• by russellbeattie on 9/20/2024, 8:48:57 PM

    This is like Oracle buying Sun. Qualcomm is a famously litigious company. They'd decimate the workforce and rely on Intel's patent portfolio to make the takeover worth it

    No idea who might be infringing on what, but I'm quite sure Qualcomm's lawyers would quickly figure out which companies they'll put the squeeze on. Or just throw spaghetti against the wall and see what sticks. AMD, Apple (think Rosetta), TSMC, cloud providers, etc.

  • by synergy20 on 9/20/2024, 7:51:59 PM

    Intel is 1/3 of AMD by market cap but 6x the employee, that's 18x difference. If QCOM takes over INTC, they might need let a LOT go to revamp it, like 80% of them.

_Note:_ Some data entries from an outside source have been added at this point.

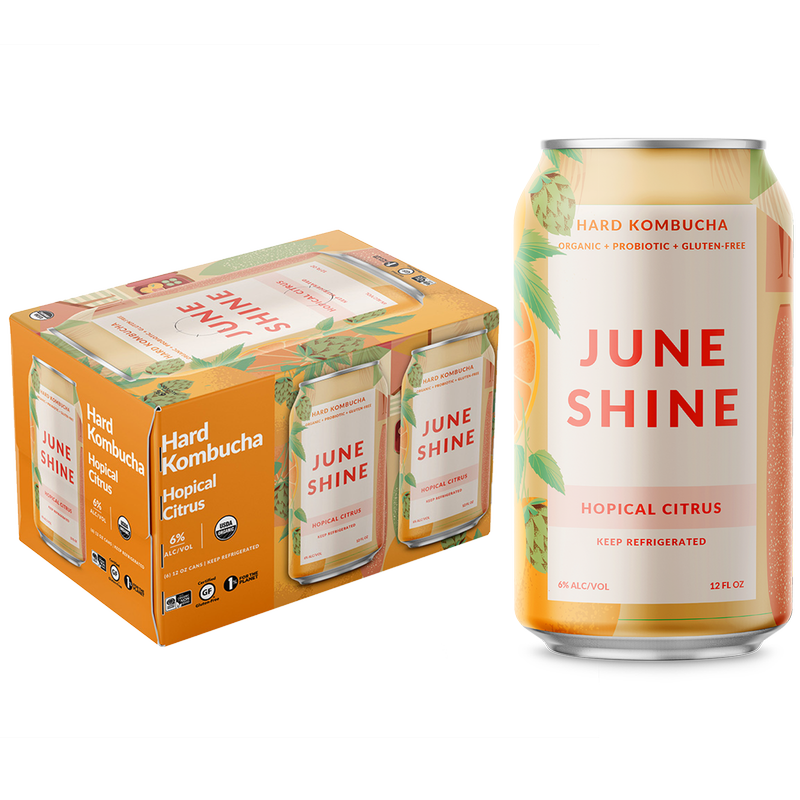 JuneShine Hopical Citrus Hard Kombucha 6pk 12oz Can 6.0% ABV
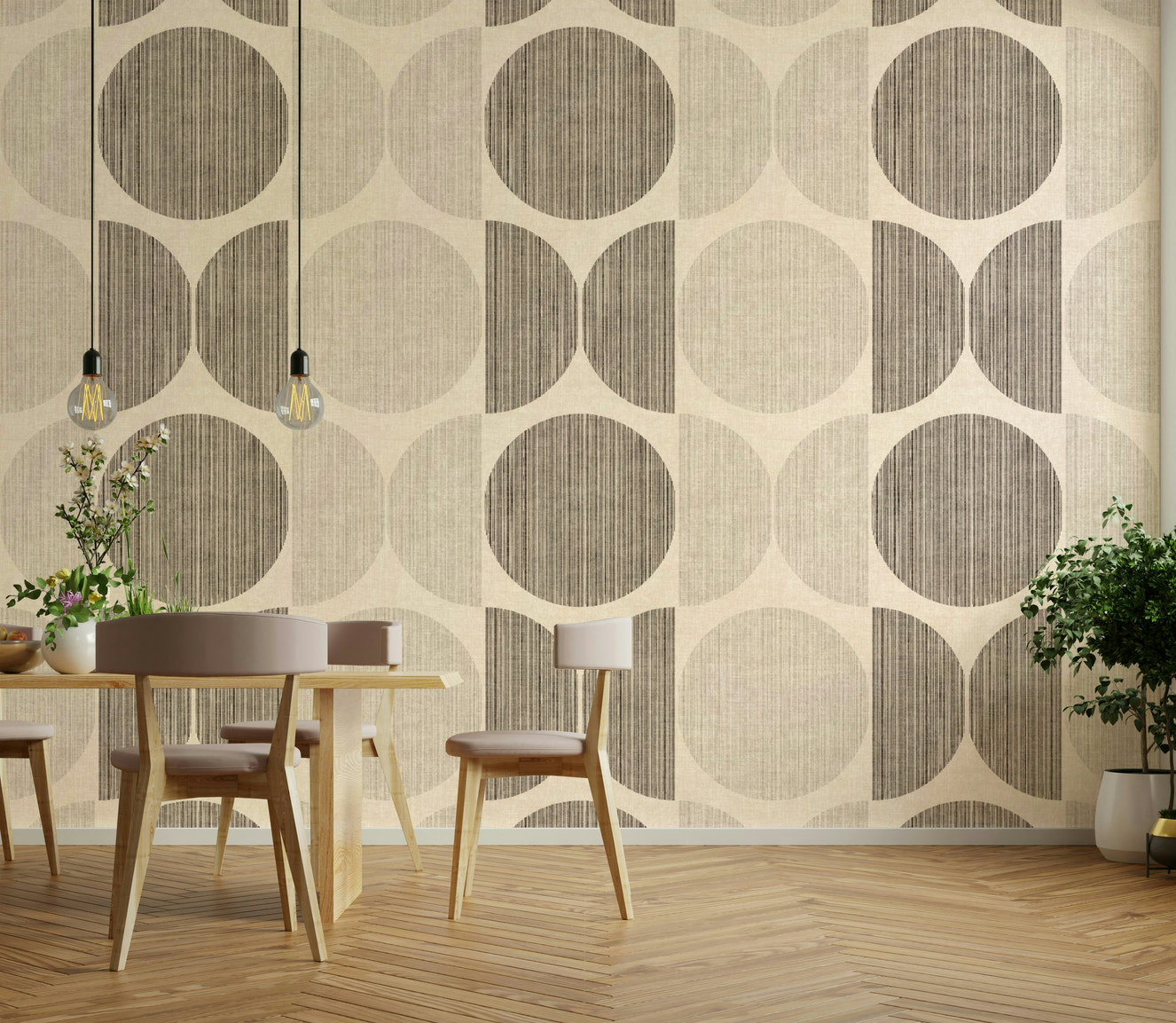 A beautiful Bauhaus circle wallpaper mural for a modern room.

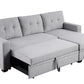 Upholstered Pull Out Sectional Sofa With Chaise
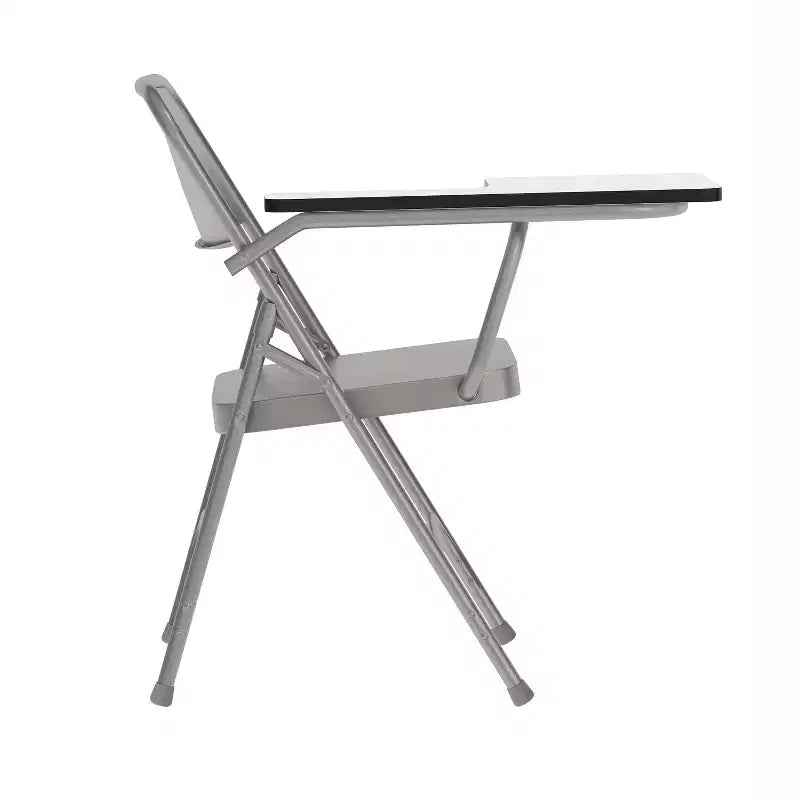 Emma and Oliver 2 Pack Premium Steel Beige Folding Chair with Right Handed Tablet Arm - Event Chair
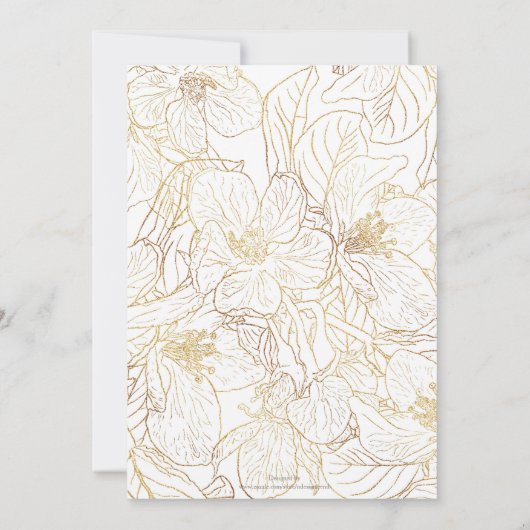 Elegante gouden kersenbloesem bloemen wit ontwerp kaart (Achterkant)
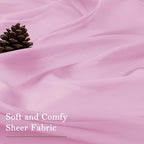 Light Pink Sheer Curtains 63 Inch Length 2 Pcs, Dual Rod Pockets Light - Image 8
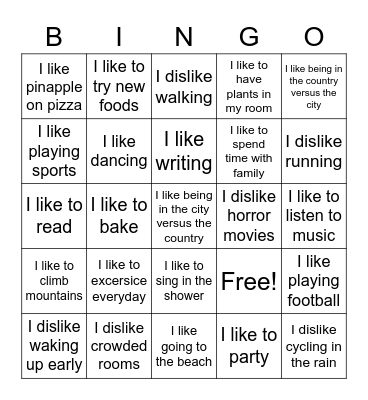 Likes and dislikes Bingo Card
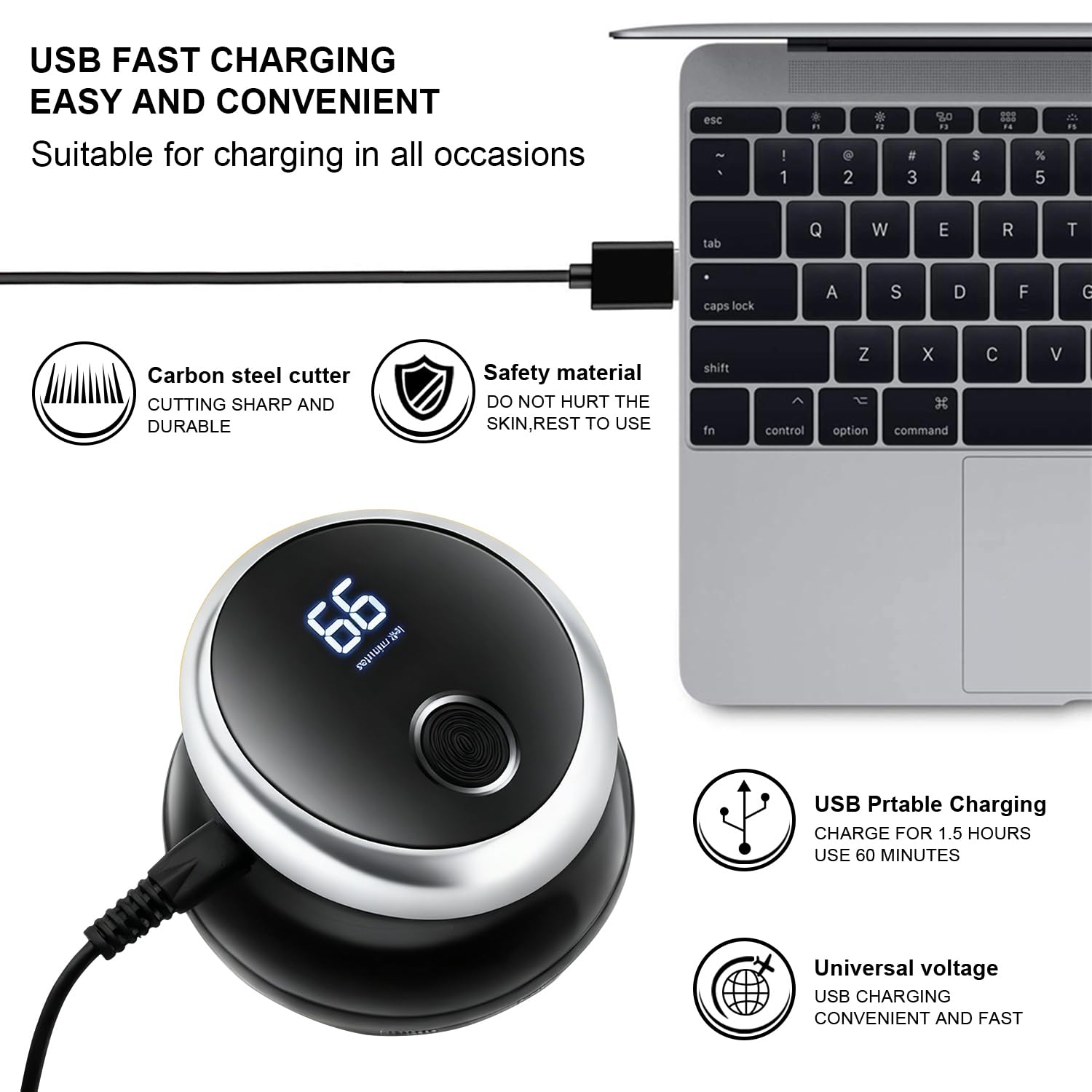 KEMEI 887 Tondeuse à cheveux pour homme, sans fil, coupe rapide, lame rotative circulaire, étanchéité IPX7, rechargeable par USB avec écran LED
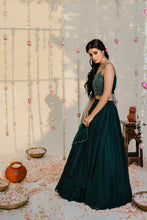 Load image into Gallery viewer, Bottle Green Embroidered Lehenga Set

  • by Animats on 9/20/2024, 7:44:10 PM

    That's Qualcomm proposing to take over Intel!

  • by mark336 on 9/22/2024, 4:41:48 AM

    Qualcomm's recent issues include their contract with Microsoft to provide chips for the Co-Pilot+ pcs ends in November. And CoPilot PCs with Qualcomm's Snapdragon X Elite chips have serious performance issues playing games. See my tech news site about this: https://asiaviewnews.com/gigabots/threads?p=20008 and https://asiaviewnews.com/gigabots/threads?p=10006

  • by ksec on 9/21/2024, 3:22:38 AM

    Only mentioned it abut two weeks ago [1] it would be great if Qualcomm buy it as whole and not certain parts. And two months [2] ago about Intel being attractive as an acquisition target.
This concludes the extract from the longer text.